Chapter 4 of Accelerate discusses technical practices which increase organizational performance. Among those practices mentioned in the chapter are loosely coupled architectures, automated tests, and test-driven development.
Accelerate didn't directly say that spotless code leads to higher business performance. However, loosely coupled architecture, automated tests, and TDD all make it clear - the code matters. Each of those practices is about the code itself, the very nuts and bolts. These practices rely on having clear, maintainable code. Therefore, clear, maintainable code, increases business performance.
If you had any other doubts, take this quote from the book into consideration:
-- Accelerate, Chapter 2: Measuring Performance, Page 20These results demonstrate that there is no trade-off between improving performance and achieving higher levels of stability and quality. ... much dogma in our industry still rests on the false assumption that moving faster means trading off against other performance goals, rather than enabling and reinforcing them.
Experience Agrees
Numbers and evidence aside, think of your own experiences as a developer. That project that nobody wanted to touch, why was it so bad?
Every time I've seen a project in this sorry state, it's because of a few simple flaws. First, there were no tests. And second, the code was never refactored, only added upon. And it continued to get added on without any refactoring for so long that in a few years time it turned into a junk-yard where the slightest misstep is likely to put a shard of glass through your foot. Nobody wants to walk there.

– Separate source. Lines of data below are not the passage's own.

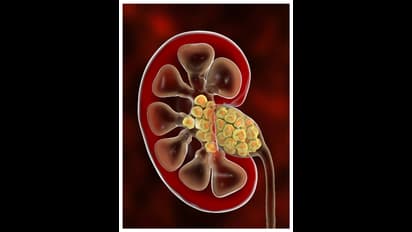 ಸುಮಾರು ವರ್ಷ ಬದುಕ್ಬೇಕಾ? ನರದ ಆರೋಗ್ಯದೆಡೆ ಇರಲಿ ಗಮನ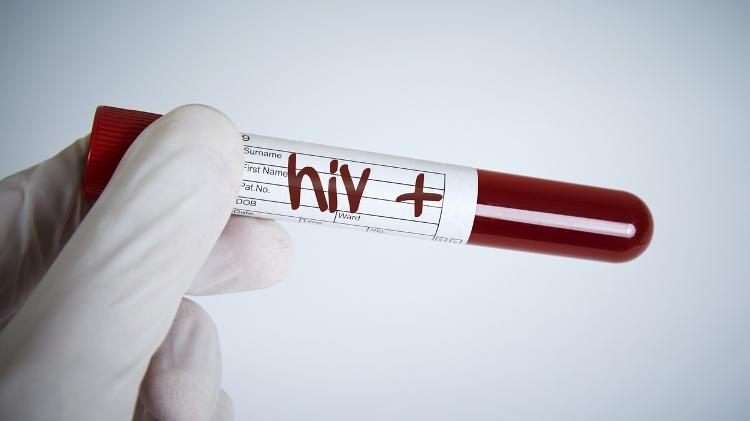 Teste positivo de HIV, Aids, epidemia - iStock - iStock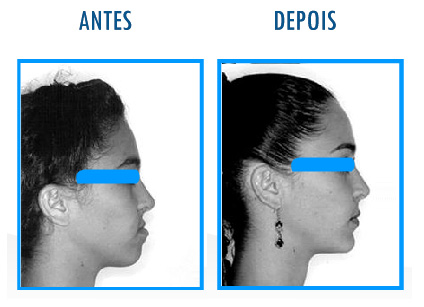 Caso 9 de Cirurgia Ortognática - Perfil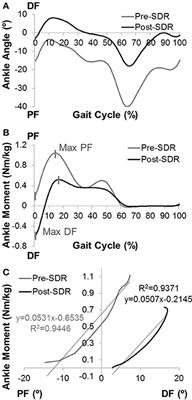 Effects of Selective Dorsal Rhizotomy on Ankle Joint Function in Patients With Cerebral Palsy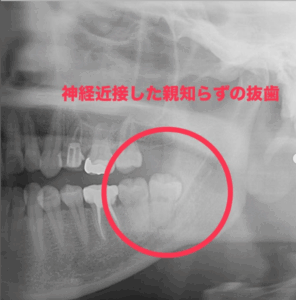 親知らず抜歯　智歯抜歯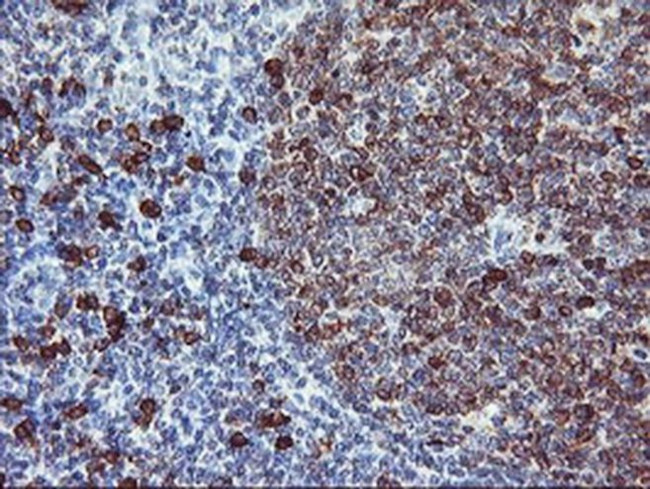 J Chain Antibody in Immunohistochemistry (Paraffin) (IHC (P))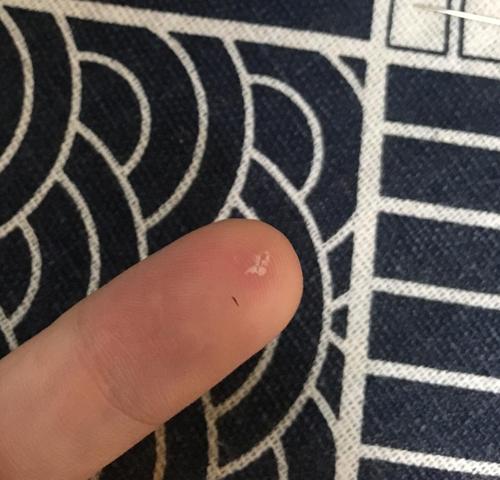 拔出手指中的小刺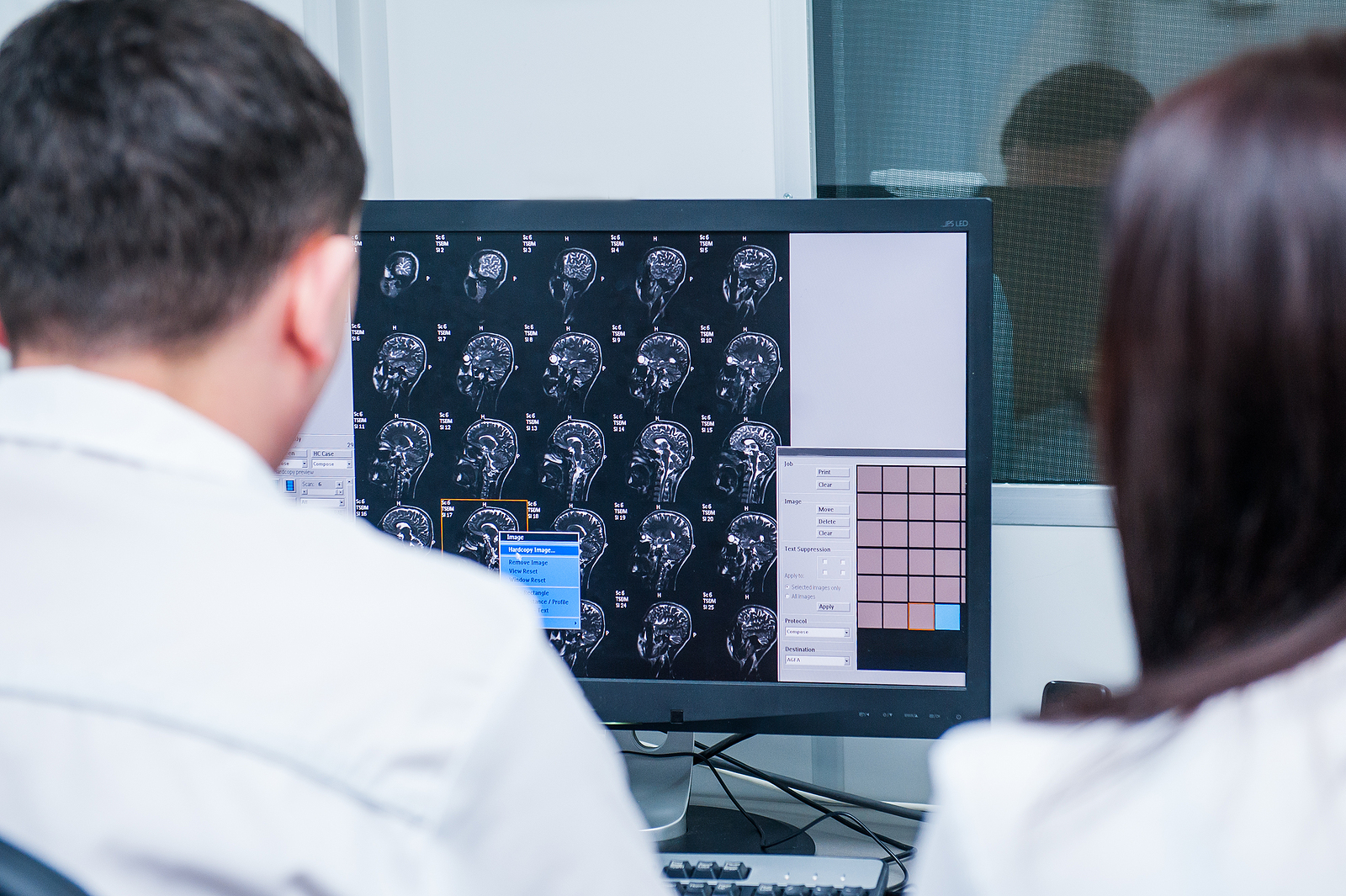 Can More Personalised Care Improve Glioblastoma Treatment?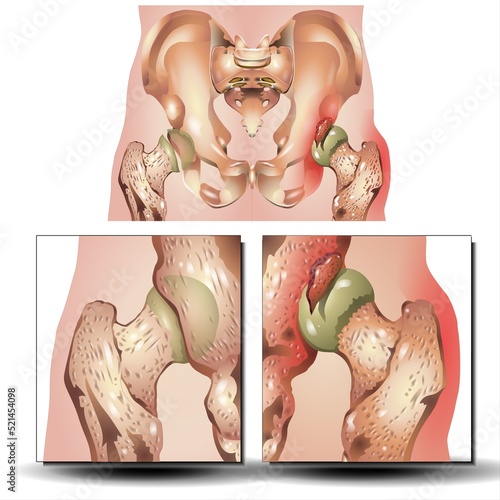 vector illustration of a pelvis hip fracture. hip dislocation on white background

But, I believe this can be prevented. Perhaps if we had more developers willing to bleed over the code we could avoid these situations more often. Bleeding developers will write tests, they'll think about names and structure, and they'll worry about the readability. A bleeding developer does as Arthur Miller said a writer must do:
The writer must be in it; he can't be to one side of it, ever. He has to be endangered by it. His own attitudes have to be tested in it. The best work that anybody ever writes is the work that is on the verge of embarrassing him, always.
So, bleed. Be in your code and endangered by it. Be so confident in it that if it didn't work you'd be embarrassed. Work on the edge of your ability and test your mettle in it. Bleed. For the sake of code, for the sake of the company, for the sake of your career.